→ Brief descriptive captions
[Start of Attachment]

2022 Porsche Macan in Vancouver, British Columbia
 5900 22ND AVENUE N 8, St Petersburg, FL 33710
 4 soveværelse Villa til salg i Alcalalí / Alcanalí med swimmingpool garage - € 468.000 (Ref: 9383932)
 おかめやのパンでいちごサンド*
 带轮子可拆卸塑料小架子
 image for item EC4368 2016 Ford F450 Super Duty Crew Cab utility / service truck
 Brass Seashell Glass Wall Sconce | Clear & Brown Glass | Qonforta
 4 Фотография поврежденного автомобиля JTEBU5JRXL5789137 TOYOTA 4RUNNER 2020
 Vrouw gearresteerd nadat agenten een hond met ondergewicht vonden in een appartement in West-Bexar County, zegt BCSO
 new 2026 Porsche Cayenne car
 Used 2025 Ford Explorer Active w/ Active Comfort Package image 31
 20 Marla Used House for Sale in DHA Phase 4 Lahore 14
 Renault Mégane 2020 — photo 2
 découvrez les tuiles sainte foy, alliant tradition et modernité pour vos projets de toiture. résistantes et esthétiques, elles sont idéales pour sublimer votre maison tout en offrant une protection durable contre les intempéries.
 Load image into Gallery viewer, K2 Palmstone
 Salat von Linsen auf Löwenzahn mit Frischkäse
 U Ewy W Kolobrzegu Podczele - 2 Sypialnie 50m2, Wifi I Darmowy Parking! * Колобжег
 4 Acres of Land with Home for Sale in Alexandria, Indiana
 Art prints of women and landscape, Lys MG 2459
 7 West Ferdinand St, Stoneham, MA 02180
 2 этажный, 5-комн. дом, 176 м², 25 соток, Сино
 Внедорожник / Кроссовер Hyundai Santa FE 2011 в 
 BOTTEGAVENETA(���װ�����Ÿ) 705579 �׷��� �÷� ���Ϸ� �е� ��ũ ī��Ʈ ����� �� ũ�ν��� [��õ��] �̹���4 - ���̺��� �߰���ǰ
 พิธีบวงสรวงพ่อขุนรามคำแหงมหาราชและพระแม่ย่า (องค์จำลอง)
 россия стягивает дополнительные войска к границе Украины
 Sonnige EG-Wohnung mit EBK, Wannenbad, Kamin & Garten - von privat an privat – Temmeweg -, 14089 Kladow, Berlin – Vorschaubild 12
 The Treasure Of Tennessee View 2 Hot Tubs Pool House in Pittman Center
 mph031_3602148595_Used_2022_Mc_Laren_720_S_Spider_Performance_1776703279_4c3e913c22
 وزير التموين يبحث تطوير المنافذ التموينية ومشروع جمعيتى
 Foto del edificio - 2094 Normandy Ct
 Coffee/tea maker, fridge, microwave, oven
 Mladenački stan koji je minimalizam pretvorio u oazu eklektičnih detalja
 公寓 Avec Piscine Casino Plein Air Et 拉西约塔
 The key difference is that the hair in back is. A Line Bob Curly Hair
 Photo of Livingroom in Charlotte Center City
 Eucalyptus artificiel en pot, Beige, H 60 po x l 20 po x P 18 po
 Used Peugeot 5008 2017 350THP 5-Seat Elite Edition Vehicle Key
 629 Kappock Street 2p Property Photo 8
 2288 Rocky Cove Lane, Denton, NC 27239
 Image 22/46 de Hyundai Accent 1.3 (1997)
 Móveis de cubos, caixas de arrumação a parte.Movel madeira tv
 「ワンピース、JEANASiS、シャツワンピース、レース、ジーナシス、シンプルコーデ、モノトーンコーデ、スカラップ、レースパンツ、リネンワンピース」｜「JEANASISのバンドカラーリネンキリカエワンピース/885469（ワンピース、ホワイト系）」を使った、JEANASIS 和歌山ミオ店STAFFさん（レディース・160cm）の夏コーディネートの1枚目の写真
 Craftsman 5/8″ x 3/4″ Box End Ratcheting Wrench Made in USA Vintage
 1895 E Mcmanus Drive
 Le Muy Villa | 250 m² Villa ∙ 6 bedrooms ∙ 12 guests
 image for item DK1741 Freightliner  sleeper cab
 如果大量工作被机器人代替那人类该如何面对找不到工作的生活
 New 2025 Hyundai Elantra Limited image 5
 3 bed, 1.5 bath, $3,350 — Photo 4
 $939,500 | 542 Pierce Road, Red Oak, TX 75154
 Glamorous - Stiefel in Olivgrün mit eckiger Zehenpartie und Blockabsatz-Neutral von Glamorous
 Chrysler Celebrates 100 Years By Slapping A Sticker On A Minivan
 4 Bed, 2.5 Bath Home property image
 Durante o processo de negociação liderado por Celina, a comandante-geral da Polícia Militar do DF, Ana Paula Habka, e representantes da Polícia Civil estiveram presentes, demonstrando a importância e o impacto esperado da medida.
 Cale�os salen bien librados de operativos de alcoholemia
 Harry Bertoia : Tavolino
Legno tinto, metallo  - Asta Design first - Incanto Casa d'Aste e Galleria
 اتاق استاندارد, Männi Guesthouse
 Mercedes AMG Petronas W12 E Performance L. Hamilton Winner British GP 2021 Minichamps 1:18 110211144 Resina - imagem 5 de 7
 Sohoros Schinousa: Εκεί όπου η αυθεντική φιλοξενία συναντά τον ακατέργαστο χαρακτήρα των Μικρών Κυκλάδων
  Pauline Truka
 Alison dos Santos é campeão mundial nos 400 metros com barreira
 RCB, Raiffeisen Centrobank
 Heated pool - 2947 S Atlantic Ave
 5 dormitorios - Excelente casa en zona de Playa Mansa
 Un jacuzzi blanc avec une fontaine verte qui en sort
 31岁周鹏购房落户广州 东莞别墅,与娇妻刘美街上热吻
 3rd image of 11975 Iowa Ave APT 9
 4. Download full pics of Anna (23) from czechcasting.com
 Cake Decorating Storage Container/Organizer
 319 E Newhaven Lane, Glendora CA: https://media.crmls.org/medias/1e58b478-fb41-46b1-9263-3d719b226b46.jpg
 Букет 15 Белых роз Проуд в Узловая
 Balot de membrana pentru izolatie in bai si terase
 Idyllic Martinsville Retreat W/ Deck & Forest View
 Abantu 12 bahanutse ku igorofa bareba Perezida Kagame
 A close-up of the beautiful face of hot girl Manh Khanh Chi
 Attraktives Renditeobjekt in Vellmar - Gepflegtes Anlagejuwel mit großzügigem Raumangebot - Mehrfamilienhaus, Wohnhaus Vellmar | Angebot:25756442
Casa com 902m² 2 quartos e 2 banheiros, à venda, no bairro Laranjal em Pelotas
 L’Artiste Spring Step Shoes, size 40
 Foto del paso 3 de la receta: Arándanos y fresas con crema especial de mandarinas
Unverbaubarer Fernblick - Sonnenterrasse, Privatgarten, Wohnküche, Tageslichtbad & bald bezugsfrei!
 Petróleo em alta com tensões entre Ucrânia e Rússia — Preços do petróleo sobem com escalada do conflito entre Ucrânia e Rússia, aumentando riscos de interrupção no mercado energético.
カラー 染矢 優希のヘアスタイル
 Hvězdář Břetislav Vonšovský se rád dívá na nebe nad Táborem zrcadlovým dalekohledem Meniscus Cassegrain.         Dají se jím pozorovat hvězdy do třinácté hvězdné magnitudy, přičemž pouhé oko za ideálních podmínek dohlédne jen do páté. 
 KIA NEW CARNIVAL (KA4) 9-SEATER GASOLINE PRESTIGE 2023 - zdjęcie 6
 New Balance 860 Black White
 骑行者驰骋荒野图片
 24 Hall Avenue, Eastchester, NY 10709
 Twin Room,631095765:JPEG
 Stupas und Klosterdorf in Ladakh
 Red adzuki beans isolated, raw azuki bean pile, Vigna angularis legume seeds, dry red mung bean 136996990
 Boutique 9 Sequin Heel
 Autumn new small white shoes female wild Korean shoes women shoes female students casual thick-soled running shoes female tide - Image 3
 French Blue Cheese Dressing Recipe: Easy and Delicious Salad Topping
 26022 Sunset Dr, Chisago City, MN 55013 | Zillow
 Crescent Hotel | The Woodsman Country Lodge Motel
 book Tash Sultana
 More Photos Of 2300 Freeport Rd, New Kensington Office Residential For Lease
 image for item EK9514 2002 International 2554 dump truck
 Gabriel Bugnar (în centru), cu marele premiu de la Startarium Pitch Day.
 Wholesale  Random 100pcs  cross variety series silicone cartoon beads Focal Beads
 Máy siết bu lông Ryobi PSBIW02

[End of Attachment]

→ TASK TO CARRY OUT
From the records above, pull every line that carries the word "women".

→ EXERCISE RESULT
 Art prints of women and landscape, Lys MG 2459
 Autumn new small white shoes female wild Korean shoes women shoes female students casual thick-soled running shoes female tide - Image 3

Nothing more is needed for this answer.